In the table above, the E-value indicates how many similarly close or closer matches are expected to occur by chance for a given query in a given database. A bigger database size means higher E-values. But even though in the code above I had a tiny database that consisted of only 15 sequences of HIV and SIV, 4 out of 15 matches above got an E-value above 1, which means that more than 1 similar matches are expected to occur by chance even within the tiny database. And even the lowest E-value was only about 0.003.

The output above shows that 10 out of 15 matches are on the minus strand, which means that HIV/SIV matched the reverse complement of the segment in SARS-CoV-2, so the matched segment does not even code for the same amino acids in SARS-CoV-2 and HIV/SIV. For example the second row of my output shows a match to a Swedish HIV sample from 2017, but the match is on the minus strand, so the amino acid translation is completely different in SARS-CoV-2 and HIV: [https://www.ncbi.nlm.nih.gov/nuccore/MF373163]

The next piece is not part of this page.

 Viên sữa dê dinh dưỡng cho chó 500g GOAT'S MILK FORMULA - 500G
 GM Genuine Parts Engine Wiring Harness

SARS-CoV-2:                Swedish HIV sequence:
                            <--------------------
 -------------------->      TACGAAGTCTACTACTGCGTA # reversed version of segment matched in SARS-CoV-2
 ATGCGTCATCATCTGAAGCAT      ATGCTTCAGATGATGACGCAT # reversed version with complemented bases
AATGCGTCATCATCTGAAGCATTT   TATGCTTCAGATGATGACGCATAT
 N  A  S  S  S  E  A  F     Y  A  S  D  D  D  A  Y

After the 10 matches on the wrong strand are eliminated, only 5 out of 15 matches remain. But 2 out of the 5 matches are in a different frame in SARS-CoV-2 and HIV/SIV, so their amino acid translation is not the same, which means that only 3 out of the 15 matches in Perez's table are both on the right strand and in the right frame:

In the table above, the "CDS start" columns show the starting position of the match within the protein coding sequence the match is part of. For example the match on the first row starts at base 20899 of ORF1ab in SARS-CoV-2. By calculating (20899-1)%3+1, you get the frame number which is 1.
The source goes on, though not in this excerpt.